The cathedral dedicated to St. Pol is a fine example of early Gothic architecture, noble in proportions, rich in carving and sombre in colour, the dark green Kersanton stone giving a fine effect to the interior, in which some white-robed nuns are generally to be seen on their knees. The nave is thirteenth-century work, there is some florid carving on the south porch, and a fine rose window; above are two towers, with lofty lancet windows, and spires which remind us of churches in Normandy.

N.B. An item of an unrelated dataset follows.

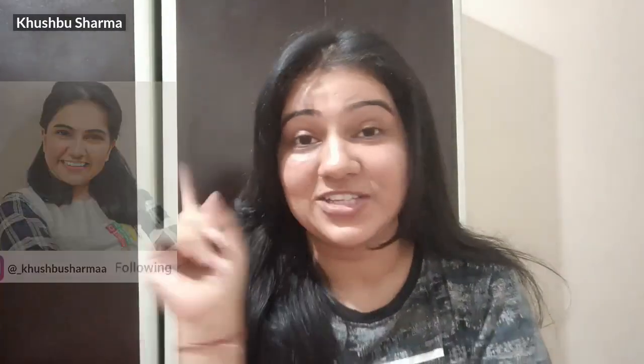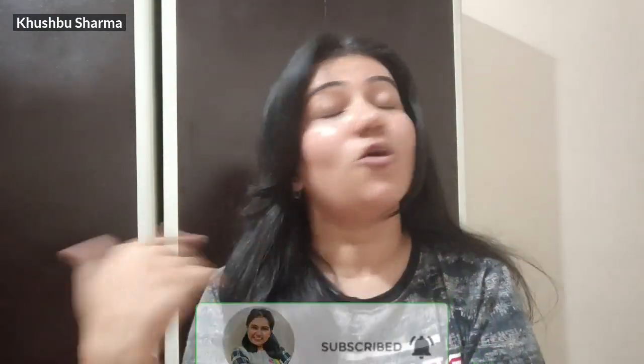I will tell you the results in the comments. If you liked this video, please give it a like. This is my Instagram handle — if you haven't followed me there, go ahead and follow. Subscribe to this channel and hit the bell icon so you don't miss my new videos.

But the spire of Notre Dame de Creizker—literally, “Our Lady of the Middle Town”—which is higher than the cathedral towers, is the most interesting object in St. Pol; the central point round which the lives of the Léonnais radiate, a landmark seen far and wide by land and sea. This spire, built in the fourteenth century, in the reign of John IV., Duke of Brittany, is supposed to be the work of an English architect. The tower is of granite, richly ornamented with a projecting cornice, and its spire is pierced through to the sky. The beauty and magnificence of the churches of St. Pol de Léon are out of all proportion to the present importance—or unimportance—of the place. The inhabitants have little sympathy with the art of the sixteenth century, or with the Druidical remains they find in their fields, but they welcome travellers gladly in the nineteenth.
It is a wide plain round about St. Pol, from which the Gothic spires seem to reach to heaven, and where a human figure, standing in a field, points upwards with strange emphasis against the sky; a district peopled by classic-looking market gardeners, whose children walk in groves of cabbages five feet high, and play at hide and seek in their shadows.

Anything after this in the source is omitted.